A vingança de Hécuba

A paz do mundo começa no coração de cada um.
Preceito Rosacruz.

Por que o homem é violento? Quais são as diferenças entre o comportamento do ser humano atual daquele que vivia no Egito há 6 mil anos ou daquele que estava na Roma de 2 mil anos atrás? E se for considerado o homem em seu nascedouro, por volta dos 70 mil ou 100 mil anos atrás?

Estas perguntas me incomodam por causa da violência tão comum e porque vejo as pessoas se agredindo diariamente em todos os lugares, todos os níveis, sob quaisquer pretextos. Crimes são cometidos a cada segundo, as mortes povoam diariamente as páginas dos jornais. O trânsito aleija e mata. Nações se enfrentam com armas, convivem com o ódio recíproco que atravessa gerações, as pessoas não se dão, a intolerância é crescente. Há aqueles que se matam.

Não há resposta simples e tampouco definitiva porque o homem é um ser complexo e se caracteriza por desempenhar diversos papéis simultâneos na sua existência.

A violência está disseminada em toda a sociedade e promove uma crescente desvalorização da vida, do bom convívio e da paz.

É triste. É nossa realidade.

Tentei saber o que os especialistas dizem a respeito. Busquei informações e descobri que nem mesmo os grandes pensadores convergem suas idéias sobre o tema. Dois deles, Thomas Hobbes e Jean-Jacques Rousseau, durante os séculos 17 e 18, tratam basicamente sobre o mesmo assunto, mas com abordagens diversas. O primeiro afirma que o homem é mau porque é motivado pela competição (em busca do lucro), a desconfiança (em busca da segurança) e pela glória (em busca da reputação), enquanto o segundo diz que o homem é bom por natureza e que é a sociedade que o corrompe.

Além destes, há outros tantos que também explicam o fenômeno e na maioria das vezes, o que pensam se entrelaça e se complementa, mas nunca propõem solução eficaz para o problema. Todos estão certos em suas conclusões, mas permanece a realidade: A violência não some e nem ao menos diminui ao longo da história da humanidade.

Lembrei que veicula por todo o Brasil na atualidade uma campanha publicitária, cujo título é Conte até 10, cujo objetivo é diminuir a violência na sociedade. São várias peças em várias mídias que orientam o cidadão manter a calma em situações de raiva para evitar o confronto violento. Tudo muito bem, não fossem justamente os protagonistas contratados para veicular a mensagem: Famosos lutadores de MMA (Mixed Martial Arts), esporte violento ao extremo, cuja meta é, segundo o jargão corrente, finalizar o adversário. O que é que significa mesmo finalizar?

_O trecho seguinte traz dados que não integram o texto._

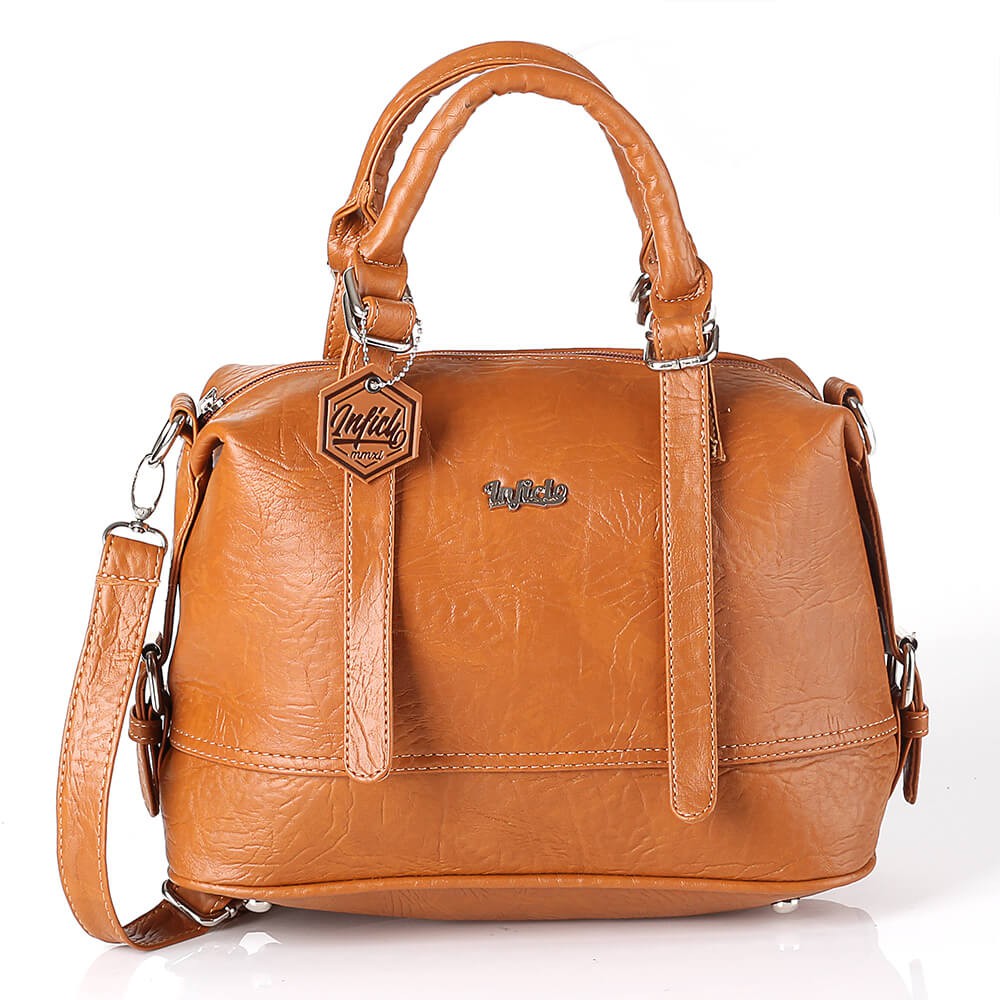 Tas Handbag Wanita glamour - Top Handle Tas cewek distro Bandung Inficlo original bukan tas batam kw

Mas, reclamar do que? A quem?

O que pode se esperar de um mundo onde matança pública de boi é considerada esporte nacional, facções que não aceitam a religião de outras pessoas explode tudo e a todos ao redor, onde o escore nos jogos de computador é contado pelo número de pessoas abatidas?

Talvez seja útil, na situação como a que vivemos hoje, refletir sobre a tragédia de Eurípedes, Hécuba, que descreve a violência contra inocentes. Segundo o narrador grego, Hécuba, mulher de Príamo, último rei de Tróia, foi escravizada durante a guerra contra a Trácia e teve seu filho Polidoro e sua filha Polixena mortos por causas menores. Com a ajuda de outros cativos, Hécuba vingou a morte dos filhos, matando os dois filhos do rei da Trácia, Polimister, e em seguida, cegou-o.

Como escrava e sem esperanças, Hécuba arquitetou sua vingança com práticas de extrema violência, numa demonstração de ausência de racionalidade, aliás, uma típica reação da natureza humana. A metáfora discutida na tragédia é a escolha do mal, em detrimento do bem, causada pela desesperança de Hécuba.

E assim como comecei com uma pergunta, termino o texto com outra: Onde vamos chegar se a violência humana não cessar? Ainda há esperança de um mundo em paz?